Dos años más tarde, a principios de junio de 1977, cuando ya me encontraba en el exilio, nos vimos en una conferencia organizada por el CORCI en París, donde asistí con la firme decisión de plantearle mi retorno a Bolivia; más todavía, quería retornar junto con él, quien tenía pensado ingresar clandestinamente por la frontera del Perú. Mi sueño no se concretizó; por el contrario, un cruce de palabras y un malentendido nos distanció de una manera por demás extraña.

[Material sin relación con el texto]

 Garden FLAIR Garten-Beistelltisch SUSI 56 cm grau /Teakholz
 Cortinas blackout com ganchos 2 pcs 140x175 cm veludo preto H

Desde entonces no volví a conversar a solas con Guillermo, pero su imagen, de hombre pulcro e inteligente, permaneció viva e intacta en mi memoria. Cuando me llegó la fatal noticia de su deceso, sentí que se nos fue el mejor bolchevique boliviano. No obstante, así sus enemigos batan palmas y se regocijen por su partida, tengo la certeza de que su obra, reunida en casi setenta volúmenes, le sobrevivirá en el tiempo y el espacio, debido a que constituye un invalorable legado en manos de los revolucionarios y estudiosos de la historia del movimiento obrero boliviano.
A mí me tocará leer y releer sus escritos relacionados con el arte y la literatura; una temática que conocía a fondo y a la cual dedicó buena parte de su talento y energía, consciente de que la realidad social se refleja en las distintas facetas de la creación humana; una tesis que no dudó en sostener a lo largo de su vida, desde cuando fue cautivado en su juventud por el libro “Literatura y revolución”, de León Trotsky.
No sé si algún día, siguiendo al pie de la letra sus consejos, me anime a escribir eso que él denominaba “la gran novela minera”, pero de una cosa sí estoy seguro: jamás aprenderé a escribir mientras converso, porque esa destreza natural de hablar y escribir al mismo tiempo, era un don que sólo tenía Guillermo, un hombre que definió su conciencia y vocación revolucionaria desde el día en que su padre, que ocasionalmente se encontraba en Oruro, le enseñó una fotografía en el taller de peluquería de Gumercindo Rivera, sobreviviente de la masacre de Uncía.
Allí -recuerda Guillermo-, su padre, don Enrique Lora, puso la fotografía ante sus ojos azorados y preguntó: “¿Dónde estoy?”. “Ahí, casi al centro, estaba Enrique Lora, lleno de carnes, de mediana estatura, en plena juventud y ostentando espesos bigotes y sombrero embarquillado”; es más, en la fotografía “se veía el suelo cubierto de toscas frazadas tejidas por manos indias, que cubrían varios cadáveres, rodeados por un grupo de personas de aire desafiante, aunque melancólico y que sostenían un estandarte que llevaba la inscripción de ´Federación Obrera´. La escena trasudaba tragedia”.
Las palabras citadas, que forman parte del prólogo de “La historia del movimiento obrero”, su obra cumbre recogida en varios tomos, nos dan la pauta para entender mejor el porqué Guillermo Lora se hizo revolucionario profesional y dedicó su vida a la causa de la dirección política del proletariado; una causa sustentada por sólidos principios ideológicos que no abandonó hasta la hora de su muerte, acaecida en la ciudad de La Paz, el 17 de mayo de 2009.
Víctor Montoya es escritor boliviano.